Simulation of Mechanical Characteristics of Tennis Racket String Bed Considering String Pattern ^†

Abstract

The effect of string pattern on the mechanical characteristics of a tennis racket were simulated numerically. A numerical simulation program to evaluate deformation of the string bed of a tennis racket was developed using the finite element method. The formulation of a numerical simulation code is described in this paper. The applicability of the developed simulation program was investigated by comparing experimental results of loading tests on string bed specimens, for which the distance between strings was 12 mm. The out-of-plane stiffness and sliding characteristics of strings of an actual racket were simulated using the developed simulation code.

1. Introduction

The performance and feeling of tennis rackets are realized by the combination of the racket’s frame and string bed. Tennis players select their own individual tennis racket frame and strings depending on their play style and playabilities, individually. Currently, natural guts, nylon, polyester-strings and hybrid strings are available for tennis racket. Diameters of the strings have ranged from 1.2 mm to 1.35 mm since the 19th century. With the exception of missed shots, mechanical contributions are applied to the tennis ball by the string bed of a tennis racket. The stiffness of the string bed in the out-of-plane direction affects the speed of the impacted ball. The sliding characteristics of strings in-plane affect to the spin of the ball. So, the number of cross and main strings and the length and interval of each string are important engineering issues when designing a tennis rackets.
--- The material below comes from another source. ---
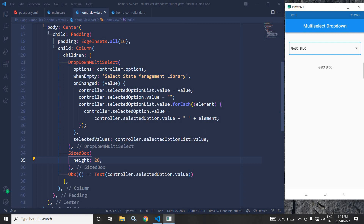This is how we can create a multi-select drop-down in Flutter using GetX. I hope you liked my video. If you liked it, please subscribe to my channel. Thank you so much for watching.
The effect of string bed properties on ball spin was investigated in recent researches [1,2,3,4,5,6]. Allen et al. (2010) showed that reducing ball/string friction can increase rebound spin by a computational model [1]. Haake et al. (2012) showed that rebound spin was dependent on inter-string friction experimentally [5]. Nicolaides et al. (2013) investigated the effect of string bed pattern on ball spin [6]. In these researches, they found that rebound spin decreased with the number of cross strings. Washida et al. (2014) showed measured data about relationships between number of cross strings and rebound spin [7].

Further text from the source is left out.